Consciência coletiva: todos temos uma para viver.

 Em uma sociedade em que os casos de feminicídio aumentaram em mais de 70%  no primeiro trimestre desse ano em relação ao mesmo período do ano passado, em que uma advogada tem seu acesso ao plenário do Tribunal de Justiça de Rondônia barrado, por estar utilizando uma "roupa inadequada", ensinar os meninos a 'levar flores e a abrir a porta' para as meninas não vai trazer nenhum resultado que realmente impacte positivamente na diminuição desses fatos. O corte de verbas para universidades federais e, principalmente,  para cursos de filosofia e sociologia, certamente também não contribuirão para essa redução.
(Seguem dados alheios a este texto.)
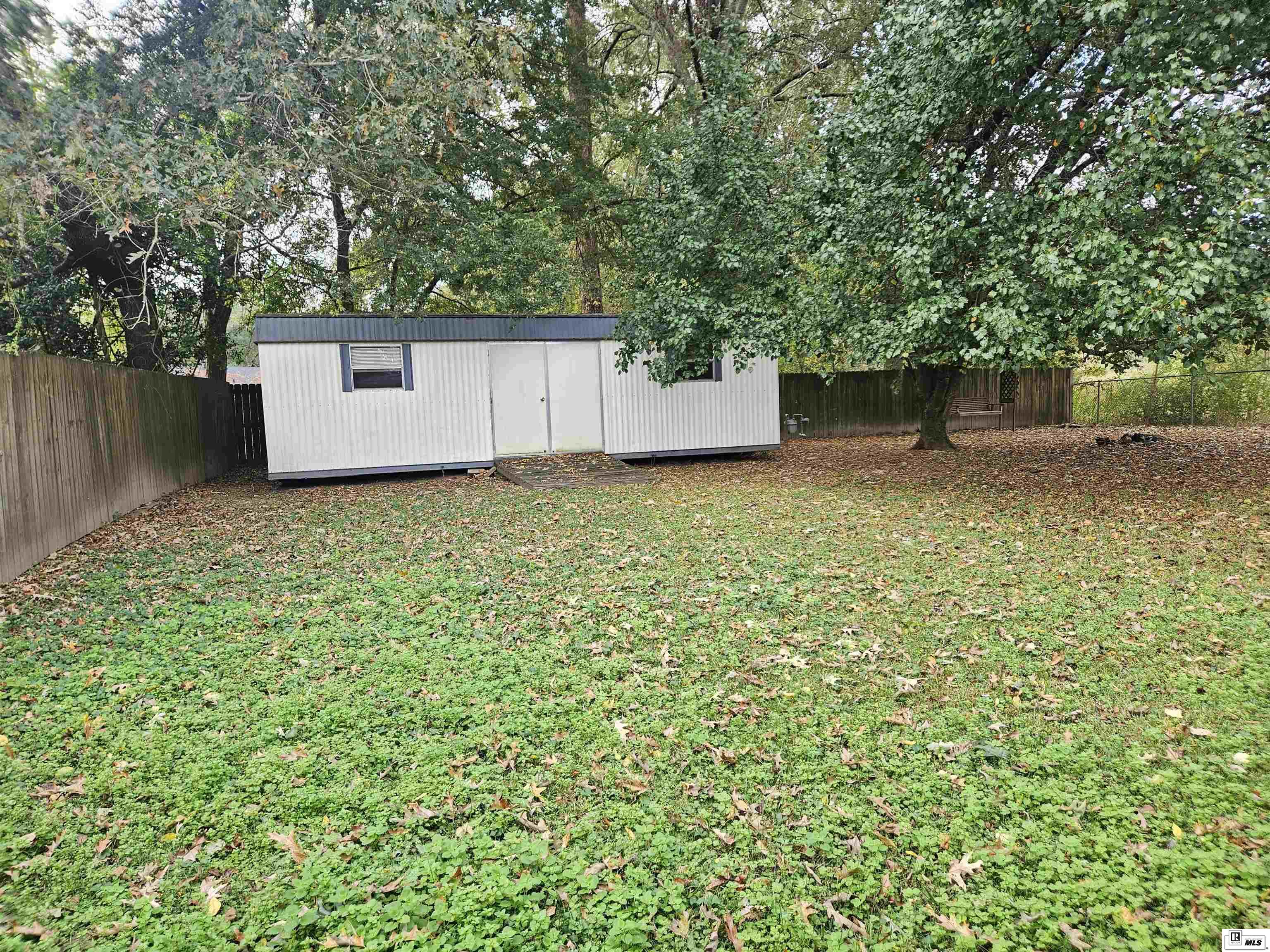 215 Horseshoe Lake Road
 Dentro de uma mentalidade patriarcal que circunda todo corpo social brasileiro, a força do coletivo condiciona o agir social e as formas de conduta assumidas. De acordo com Durkheim, a sociedade se organiza objetivando manter a harmonia, para evitar a anomia, o declínio de qualquer forma de controle, ela se organiza para manter seu funcionamento, para sobreviver. O papel assumido por cada um passa a possuir importância para manutenção desse funcionalismo. Mesmo que tais obrigações ocasionem a infelicidade individual, os indivíduos são subjugados a elas, as tendências comuns tendem a superar as individuais. A mulher, inserida num contexto social, no qual o machismo impera, é submetida a toda espécie de julgamentos caso se "desvie" das tendências coletivas atribuídas à sua figura.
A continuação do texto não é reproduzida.